DATASET CONTENT:
+++

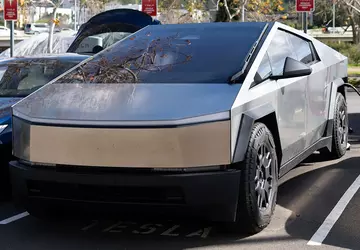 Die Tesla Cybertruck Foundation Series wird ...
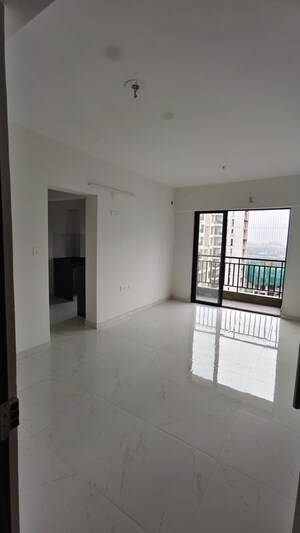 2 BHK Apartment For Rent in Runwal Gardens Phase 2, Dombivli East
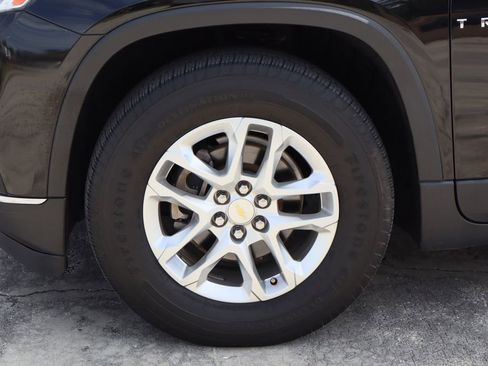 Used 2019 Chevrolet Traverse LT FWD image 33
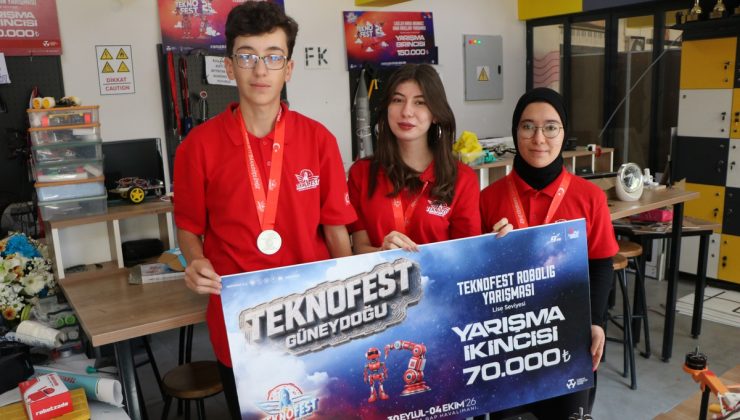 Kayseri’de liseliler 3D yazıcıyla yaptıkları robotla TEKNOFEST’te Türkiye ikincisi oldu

+++

TASK STATEMENT: In your copy, include no pictures and only the lines from the line with "2 BHK Apartment" through the final line of the listing above, reproduced exactly.

SOLUTION TO THIS TASK:
 2 BHK Apartment For Rent in Runwal Gardens Phase 2, Dombivli East
 Used 2019 Chevrolet Traverse LT FWD image 33
 Kayseri’de liseliler 3D yazıcıyla yaptıkları robotla TEKNOFEST’te Türkiye ikincisi oldu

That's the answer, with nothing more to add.